Ghanaian teachers have begun an indefinite strike to press for higher pay, in spite of the attempt by the government to avoid a full-scale action. This strike has been timed to coincide with the start of the West African Senior Schools Certificate Examinations (WASSCE) in the country.
The 250,000 teachers belong to three unions.
Their members, who are either in the classrooms or in offices, are demanding better conditions of service, payment of allowances, payment of car maintenance allowances and resolution of issues that have to do with promotions.
The government has been reeling under pressure from workers in the public sector since it introduced a “single spine salary structure’’ in 2011, under which all public sector workers are to enjoy the same salary for equal work.
Many public sector workers have been pressurising the Fair Wages and Salaries Commission, which is migrating workers onto the single spine, for better grading and have disputed their new salaries.
The government said in its budget presented a couple of weeks ago that public sector workers were gobbling as high as 61 per cent of total revenue, a situation that led to an overrun of the budget in 2012.
At an emergency meeting with the leadership of the teachers on Sunday, government appealed to them to exercise restraint while every effort is being made to address the concerns raised by the unions.
A statement at the end of the meeting said government had received every assurance from the Ghana Education Service (GES) and the West African Examination Council (WAEC) that every arrangement pertaining to the conduct of the 2013 WASSCE was on course.
Both GES AND WAEC, therefore, urged students, parents and schools to focus on their preparations for the examinations.

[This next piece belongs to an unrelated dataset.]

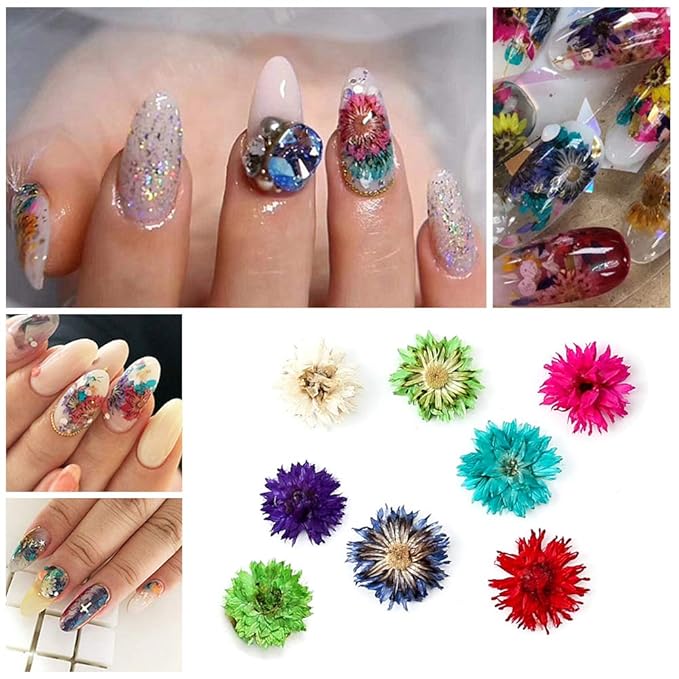 Natural Dried Flowers for Nail Art DIY Resin Craft Small 3D Pressed Dry Flower Resin Art Craft Supplies Nail Art Design Decoration Accessories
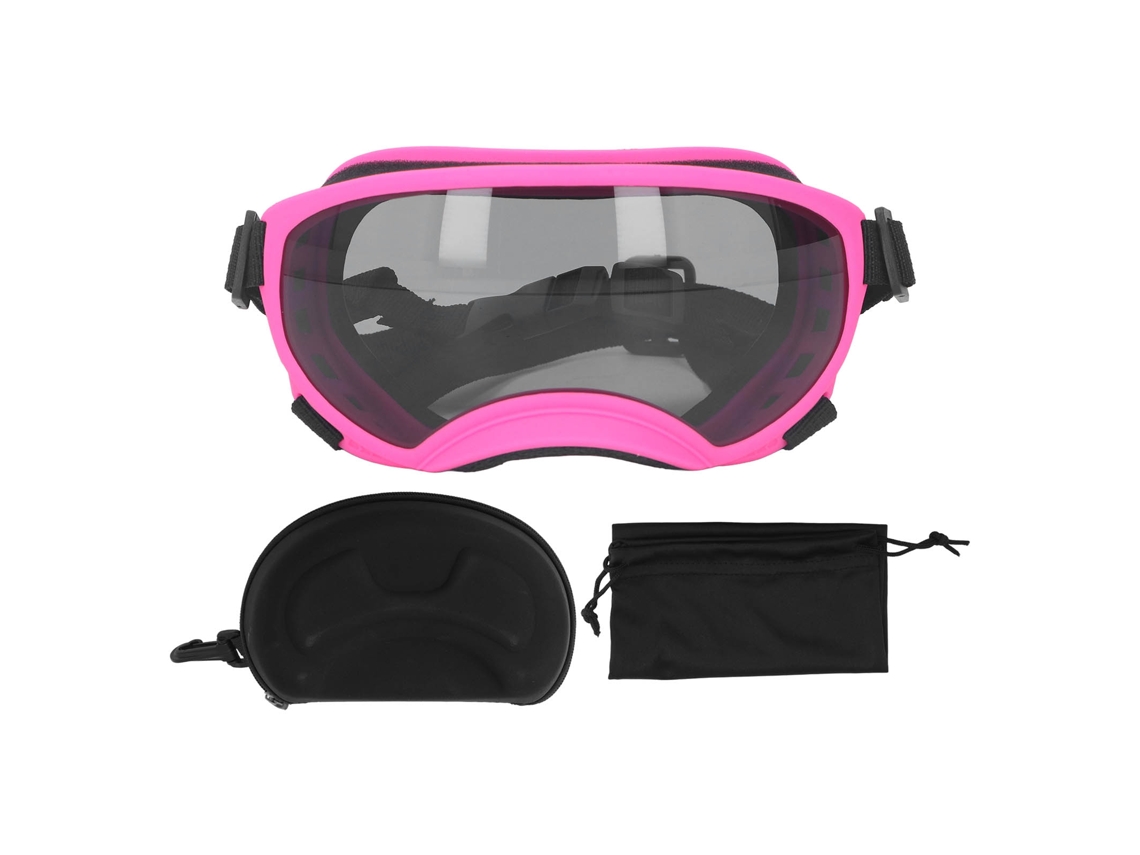 Óculos de Sol para Cães Proteção UV Leve Ventilados Confortáveis Moldura Rosa Lentes Cinzentas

The statement said it was agreed in the meeting that the Ghana National Association of Teachers (GNAT) would engage in further consultations with their partners and go back to the government on their decisions.
“Government assures all parties that steps are being taken to address the concerns of the unions and that appropriate directives have been given to the relevant ministries and agencies,’’ the statement said.
Labour experts and some members of the public are accusing the teachers of using the students as bargaining chips.
However, the teachers have dismissed the accusation, saying they have a right to demand what is due for them.